Task directions:
Filter the records below for the word "Front". Copy each line that holds it.

Supplied entries:

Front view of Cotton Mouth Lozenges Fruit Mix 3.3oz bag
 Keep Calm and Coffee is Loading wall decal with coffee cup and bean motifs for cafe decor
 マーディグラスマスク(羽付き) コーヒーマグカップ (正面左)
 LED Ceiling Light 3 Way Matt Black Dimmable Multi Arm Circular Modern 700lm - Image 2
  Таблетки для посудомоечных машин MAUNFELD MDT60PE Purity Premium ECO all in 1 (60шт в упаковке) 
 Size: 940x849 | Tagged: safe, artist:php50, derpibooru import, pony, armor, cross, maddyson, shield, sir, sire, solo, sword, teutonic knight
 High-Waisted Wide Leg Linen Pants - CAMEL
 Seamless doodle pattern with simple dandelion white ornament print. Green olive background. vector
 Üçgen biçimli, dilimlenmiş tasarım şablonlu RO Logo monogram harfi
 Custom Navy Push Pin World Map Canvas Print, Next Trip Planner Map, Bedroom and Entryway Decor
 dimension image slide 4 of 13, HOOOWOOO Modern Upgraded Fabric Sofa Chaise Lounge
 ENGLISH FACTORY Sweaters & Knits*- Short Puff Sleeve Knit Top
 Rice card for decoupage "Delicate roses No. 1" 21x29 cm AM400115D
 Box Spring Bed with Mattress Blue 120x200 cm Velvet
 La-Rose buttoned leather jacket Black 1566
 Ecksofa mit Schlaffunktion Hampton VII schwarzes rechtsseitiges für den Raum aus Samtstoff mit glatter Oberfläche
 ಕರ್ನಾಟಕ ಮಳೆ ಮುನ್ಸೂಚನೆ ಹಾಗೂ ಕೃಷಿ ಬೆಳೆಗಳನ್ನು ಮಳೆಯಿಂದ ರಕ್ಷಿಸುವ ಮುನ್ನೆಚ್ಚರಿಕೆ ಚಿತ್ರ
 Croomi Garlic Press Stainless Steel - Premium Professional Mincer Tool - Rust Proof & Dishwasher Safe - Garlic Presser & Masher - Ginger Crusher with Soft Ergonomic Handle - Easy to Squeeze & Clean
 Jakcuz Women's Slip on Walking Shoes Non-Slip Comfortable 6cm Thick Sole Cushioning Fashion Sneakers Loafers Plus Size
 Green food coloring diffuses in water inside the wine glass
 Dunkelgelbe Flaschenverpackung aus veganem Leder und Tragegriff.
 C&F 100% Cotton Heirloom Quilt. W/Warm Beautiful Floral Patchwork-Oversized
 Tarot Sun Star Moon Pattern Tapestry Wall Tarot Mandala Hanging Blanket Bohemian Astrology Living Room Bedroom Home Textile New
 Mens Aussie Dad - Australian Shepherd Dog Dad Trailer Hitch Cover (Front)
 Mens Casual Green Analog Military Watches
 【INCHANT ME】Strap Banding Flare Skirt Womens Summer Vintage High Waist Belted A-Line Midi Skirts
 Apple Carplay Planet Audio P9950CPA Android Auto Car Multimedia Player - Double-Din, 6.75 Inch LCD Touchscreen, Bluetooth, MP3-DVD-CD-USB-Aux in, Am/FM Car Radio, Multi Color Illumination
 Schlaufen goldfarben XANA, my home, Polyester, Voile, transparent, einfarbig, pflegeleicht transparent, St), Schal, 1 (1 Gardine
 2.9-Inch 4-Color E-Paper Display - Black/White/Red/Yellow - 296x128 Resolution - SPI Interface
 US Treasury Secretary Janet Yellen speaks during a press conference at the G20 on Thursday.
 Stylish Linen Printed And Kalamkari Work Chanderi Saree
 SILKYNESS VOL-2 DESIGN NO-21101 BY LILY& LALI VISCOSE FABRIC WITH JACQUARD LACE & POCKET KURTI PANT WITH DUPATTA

The answer:
Front view of Cotton Mouth Lozenges Fruit Mix 3.3oz bag
 Mens Aussie Dad - Australian Shepherd Dog Dad Trailer Hitch Cover (Front)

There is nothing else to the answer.